Nudge
Food delivery apps are functionally identical and hide their AI. Nudge makes curation visible and turns group ordering into a game.
Design a food delivery iOS app across five assignments, from concept and wireframes through to a token system, component library, and high-fidelity interactive prototype.
How might we design a food delivery app that feels personally curated, and turns group ordering from the most frustrating part of the experience into something people actually enjoy?
nudge
Curated for you. Ordered together.
Wireframes - the foundation every subsequent assignment built on.
Light and dark mode in parallel — full semantic colour set.
Poppins for headings, Inter for UI. Spacing scale 4–32.
Every state defined before any screen was assembled.
Making the algorithm visible
The home screen shows current preference tags as editable chips, you can see exactly why something is recommended, and change it instantly.
"Most apps hide their AI. Nudge puts it on the home screen, visible, editable, honest."
Food decisions as a game
Friends join a group order and swipe on dishes independently. The app surfaces what everyone agreed on, one cart, no arguments.
"Four people, four preferences. The swipe mechanic turns disagreement into a game."
No more Revolut requests
Everyone adds their own items to a shared cart from their own phone. When it comes to paying, each person pays only their share via Apple Pay, the order goes to the restaurant once everyone has paid.

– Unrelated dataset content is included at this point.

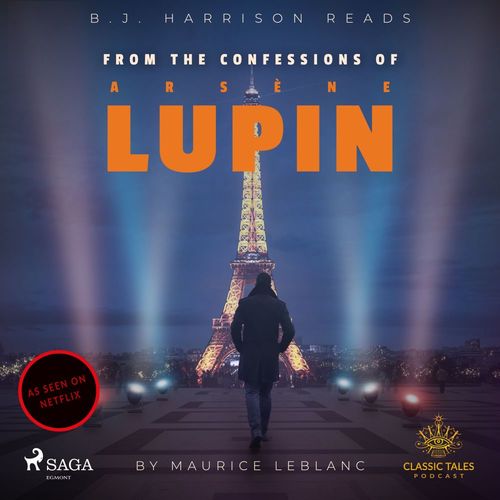 audiobook cover of From The Confessions of Arsene Lupin, by Maurice Leblanc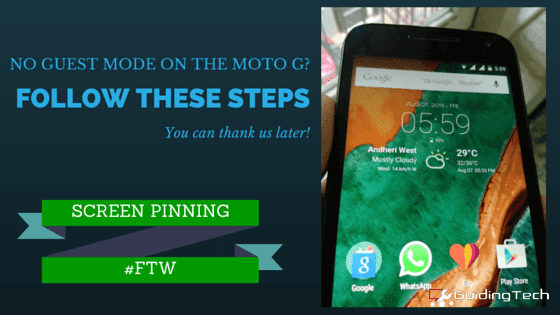 No Guest Mode On Your Moto G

"No Revolut requests. Just tap to pay your share and it's done."
25+ screens. One system.
The token system did what a system is supposed to do, one colour change propagated everywhere simultaneously.
The group swiping flow was the riskiest idea in the project. It ended up the most distinctive feature.
Prototype the group swiping interaction, the screens show all states but the animation would make it land harder.
Test the AI preference tags with real users earlier, intuitive to design but might not map to how people think about food.